Entretanto, el avistador de aves podrá encontrar, perplejo, que en pocos metros conviven el colibrí y la garza, el carpintero y el pelícano, el loro y el gavilán. La combinación entre manglar y playa alimenta la convivencia de casi medio centenar de especies, entre residentes y migratorias, que acompañan al pescador y le ofrecen su canto, o revolotean la vegetación atestada de mariposas.
Tanto el prado como la arena aparecen alfombrados por el caparazón de los moluscos bivalvos: almejas, conchas y sangaras que el artesano y el coleccionista recolectan con idéntico celo.
El mayor de los tesoros del territorio es la vegetación que dibuja límites al camino del agua. Espesos cordones de manglar que duplican el tamaño de la isla caribeña de San Andrés, con 4.893 hectáreas compuestas por las siete especies de mangle que se encuentran en Colombia: rojo, concha, piñuelo, nato, blanco, comedero y jelí.
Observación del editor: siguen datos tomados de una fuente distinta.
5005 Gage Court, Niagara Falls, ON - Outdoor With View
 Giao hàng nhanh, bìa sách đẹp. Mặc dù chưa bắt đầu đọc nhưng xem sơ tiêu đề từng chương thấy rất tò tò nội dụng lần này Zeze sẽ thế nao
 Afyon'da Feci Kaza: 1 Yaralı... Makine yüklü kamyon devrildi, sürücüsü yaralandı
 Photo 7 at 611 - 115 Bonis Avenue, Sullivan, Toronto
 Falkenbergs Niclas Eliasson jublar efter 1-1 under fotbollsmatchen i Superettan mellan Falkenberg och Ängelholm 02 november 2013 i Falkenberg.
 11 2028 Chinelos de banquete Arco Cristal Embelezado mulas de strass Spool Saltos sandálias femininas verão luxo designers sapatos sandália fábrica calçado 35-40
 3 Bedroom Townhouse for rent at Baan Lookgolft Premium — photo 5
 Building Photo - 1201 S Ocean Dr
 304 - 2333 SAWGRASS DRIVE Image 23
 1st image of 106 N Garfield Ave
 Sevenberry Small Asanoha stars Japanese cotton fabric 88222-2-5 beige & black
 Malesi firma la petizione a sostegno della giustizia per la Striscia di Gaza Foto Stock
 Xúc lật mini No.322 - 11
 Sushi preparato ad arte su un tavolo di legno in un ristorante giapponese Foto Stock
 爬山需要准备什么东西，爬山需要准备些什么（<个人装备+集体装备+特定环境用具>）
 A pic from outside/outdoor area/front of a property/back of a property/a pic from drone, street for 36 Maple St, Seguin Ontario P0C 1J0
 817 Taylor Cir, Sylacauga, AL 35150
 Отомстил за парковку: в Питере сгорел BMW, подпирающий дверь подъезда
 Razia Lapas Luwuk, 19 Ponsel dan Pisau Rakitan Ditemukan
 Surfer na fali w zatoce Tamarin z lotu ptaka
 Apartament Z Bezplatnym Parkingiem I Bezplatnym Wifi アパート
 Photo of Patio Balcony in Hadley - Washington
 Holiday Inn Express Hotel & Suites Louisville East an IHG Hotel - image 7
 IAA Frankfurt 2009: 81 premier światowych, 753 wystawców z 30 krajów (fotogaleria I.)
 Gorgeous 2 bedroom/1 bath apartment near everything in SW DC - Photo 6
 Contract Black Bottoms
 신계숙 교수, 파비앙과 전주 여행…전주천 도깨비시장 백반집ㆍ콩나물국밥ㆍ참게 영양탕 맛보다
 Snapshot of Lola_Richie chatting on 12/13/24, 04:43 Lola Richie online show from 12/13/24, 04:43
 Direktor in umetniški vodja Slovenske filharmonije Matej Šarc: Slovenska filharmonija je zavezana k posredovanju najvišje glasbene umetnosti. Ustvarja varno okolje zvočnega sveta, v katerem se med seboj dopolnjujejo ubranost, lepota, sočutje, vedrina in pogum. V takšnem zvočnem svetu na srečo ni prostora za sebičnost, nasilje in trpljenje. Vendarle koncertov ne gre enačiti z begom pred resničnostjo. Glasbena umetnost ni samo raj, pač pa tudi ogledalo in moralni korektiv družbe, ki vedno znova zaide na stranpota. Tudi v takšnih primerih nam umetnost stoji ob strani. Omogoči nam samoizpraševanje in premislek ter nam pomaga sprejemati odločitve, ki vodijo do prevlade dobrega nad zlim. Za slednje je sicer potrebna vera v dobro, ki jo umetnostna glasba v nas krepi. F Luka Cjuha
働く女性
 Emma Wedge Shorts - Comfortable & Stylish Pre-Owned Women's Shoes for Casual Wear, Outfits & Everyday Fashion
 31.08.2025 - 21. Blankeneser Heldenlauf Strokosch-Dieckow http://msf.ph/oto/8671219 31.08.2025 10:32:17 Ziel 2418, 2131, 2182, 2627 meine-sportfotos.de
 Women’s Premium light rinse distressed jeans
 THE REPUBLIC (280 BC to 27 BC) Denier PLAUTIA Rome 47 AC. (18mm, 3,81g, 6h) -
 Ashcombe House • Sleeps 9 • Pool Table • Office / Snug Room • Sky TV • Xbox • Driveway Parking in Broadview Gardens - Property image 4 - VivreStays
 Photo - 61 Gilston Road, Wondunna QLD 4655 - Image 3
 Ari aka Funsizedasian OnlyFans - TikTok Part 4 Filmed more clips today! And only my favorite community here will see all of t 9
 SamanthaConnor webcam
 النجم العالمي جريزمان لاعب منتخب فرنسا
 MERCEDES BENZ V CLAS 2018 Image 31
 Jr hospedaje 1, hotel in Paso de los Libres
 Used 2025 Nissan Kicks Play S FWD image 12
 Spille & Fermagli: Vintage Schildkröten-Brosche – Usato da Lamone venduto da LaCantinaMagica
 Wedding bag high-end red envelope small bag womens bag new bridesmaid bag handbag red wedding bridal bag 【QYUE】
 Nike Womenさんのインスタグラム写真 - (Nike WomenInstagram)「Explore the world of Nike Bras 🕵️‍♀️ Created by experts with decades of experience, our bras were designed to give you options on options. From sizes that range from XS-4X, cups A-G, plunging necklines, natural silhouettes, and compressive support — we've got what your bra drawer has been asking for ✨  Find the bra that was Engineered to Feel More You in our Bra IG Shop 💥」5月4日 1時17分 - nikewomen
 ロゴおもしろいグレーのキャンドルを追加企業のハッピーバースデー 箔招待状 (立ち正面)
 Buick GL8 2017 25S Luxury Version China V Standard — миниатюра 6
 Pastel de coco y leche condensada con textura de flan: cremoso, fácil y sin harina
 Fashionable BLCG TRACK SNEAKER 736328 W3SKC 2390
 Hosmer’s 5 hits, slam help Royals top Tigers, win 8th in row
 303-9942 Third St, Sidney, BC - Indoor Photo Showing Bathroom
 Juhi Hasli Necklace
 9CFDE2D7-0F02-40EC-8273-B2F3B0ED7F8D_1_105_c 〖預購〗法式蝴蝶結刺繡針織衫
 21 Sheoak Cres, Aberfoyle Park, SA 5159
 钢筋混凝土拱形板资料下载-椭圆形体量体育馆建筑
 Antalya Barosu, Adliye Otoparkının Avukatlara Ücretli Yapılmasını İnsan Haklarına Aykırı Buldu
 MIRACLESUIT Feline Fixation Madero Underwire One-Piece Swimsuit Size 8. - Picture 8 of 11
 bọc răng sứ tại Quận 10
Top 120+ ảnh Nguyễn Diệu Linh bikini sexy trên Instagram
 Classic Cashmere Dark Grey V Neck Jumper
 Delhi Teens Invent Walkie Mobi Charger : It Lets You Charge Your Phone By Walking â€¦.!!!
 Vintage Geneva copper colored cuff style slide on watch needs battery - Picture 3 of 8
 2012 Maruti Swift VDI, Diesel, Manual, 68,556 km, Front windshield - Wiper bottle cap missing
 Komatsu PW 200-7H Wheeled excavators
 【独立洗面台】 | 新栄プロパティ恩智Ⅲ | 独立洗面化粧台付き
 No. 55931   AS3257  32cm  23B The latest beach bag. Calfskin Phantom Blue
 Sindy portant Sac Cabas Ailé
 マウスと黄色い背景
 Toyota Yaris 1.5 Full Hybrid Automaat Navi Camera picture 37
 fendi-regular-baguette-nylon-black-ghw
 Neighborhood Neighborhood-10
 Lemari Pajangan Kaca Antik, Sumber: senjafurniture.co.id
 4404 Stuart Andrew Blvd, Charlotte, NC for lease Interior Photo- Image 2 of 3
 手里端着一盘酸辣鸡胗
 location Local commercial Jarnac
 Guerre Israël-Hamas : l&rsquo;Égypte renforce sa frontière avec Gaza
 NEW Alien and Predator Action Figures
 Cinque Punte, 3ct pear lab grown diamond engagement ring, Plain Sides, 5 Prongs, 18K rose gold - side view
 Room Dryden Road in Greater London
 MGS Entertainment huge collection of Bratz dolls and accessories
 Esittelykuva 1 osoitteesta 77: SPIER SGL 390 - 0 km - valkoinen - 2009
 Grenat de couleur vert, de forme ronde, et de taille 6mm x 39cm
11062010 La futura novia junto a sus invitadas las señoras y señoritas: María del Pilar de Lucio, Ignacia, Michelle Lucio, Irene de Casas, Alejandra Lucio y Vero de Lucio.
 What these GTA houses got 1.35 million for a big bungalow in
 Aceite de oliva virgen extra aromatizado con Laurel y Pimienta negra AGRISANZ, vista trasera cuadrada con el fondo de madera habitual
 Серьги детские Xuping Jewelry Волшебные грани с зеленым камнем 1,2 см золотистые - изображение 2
De esta riqueza natural ha derivado su sustento la población local, cuya tradición de pesca y recolección de crustáceos ha permitido que la biodiversidad perdure desde el asentamiento de las primeras comunidades entre los siglos XVII y XVIII. Hoy en día unas 300 familias dependen del manglar. Así lo explica Freddy Caicedo, líder del Consejo Comunitario Bajo Mira y Frontera (CCBMF), organización que coadministra junto a Parques Nacionales Naturales de Colombia (PNN) el Distrito Nacional de Manejo Integrado (DNMI) al que pertenecen las playas:
“El ecosistema de manglar es abundante. Debajo de las raíces está la salacuna de las especies que nosotros prácticamente capturamos día a día y de las que nuestras familias se alimentan. Están la piangua, el churo, el almejón, la cholga, la blanca, la meona, la chiripiangua, el pateburro”.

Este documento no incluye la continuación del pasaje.